TL;DR: Small multiples maps are one of my favourite ways to communicate multiple variables with a quantitative and spatial dimension. This example uses small multiples to show the distribution of the most spoken non-English languages in the Toronto CMA. Scroll to the end to see the results.
After seeing the excellent electoral results maps from the Berliner Morgenpost, I wanted to experiment with a similar approach for an alternative take on my maps of linguistic diversity in Canadian cities.

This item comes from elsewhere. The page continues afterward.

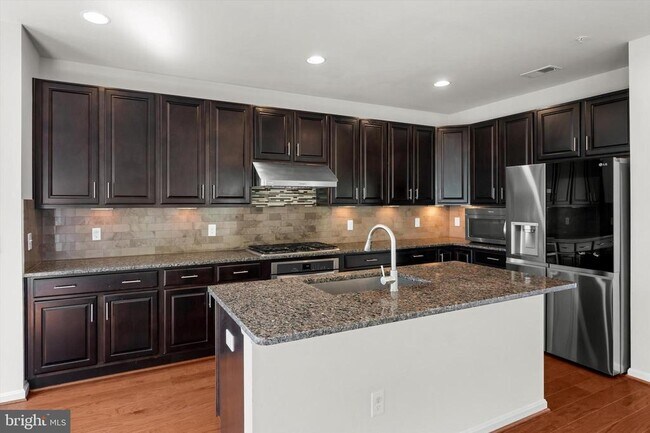 Building Photo - 3073 Rittenhouse Cir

The maps in my post highlighted areas where overall diversity was greatest, but they don’t do a good job of providing detail about the heterogeneous makeup of each area, and which languages particularly stand out. Maps which highlight the most first (or second, or third) most prominent language are easy to find but they too fail to show heterogeneity.
Dot density maps are a frequently used approach that shows both intensity and distribution on a map. You can check out this cancensus vignette for a simple example using Census languages.
Dot density maps can start looking a little busy when there’s more than a few categories plotted simultaneously. As the number of categories being displayed increases, perceptual distance between colours decreases and there is less and less negative space left over. Smaller categories are visually dominated by categories with larger numbers. Small multiples are an alternative approach that mitigates the effect of overlapping data. There are several ways of creating small multiples in R and this post goes through a couple methods that take advantage of ggplot2 faceting and R’s grid approach to graphical objects.
Small multiples
Tufte introduces small multiples in The Visual Display of Quantitative Information (1983) and in Envisioning Information (1990). He explains that they are:
Illustrations of postage-stamp size are indexed by category or a label, sequenced over time like the frames of a movie, or ordered by a quantitative variable not used in the single image itself.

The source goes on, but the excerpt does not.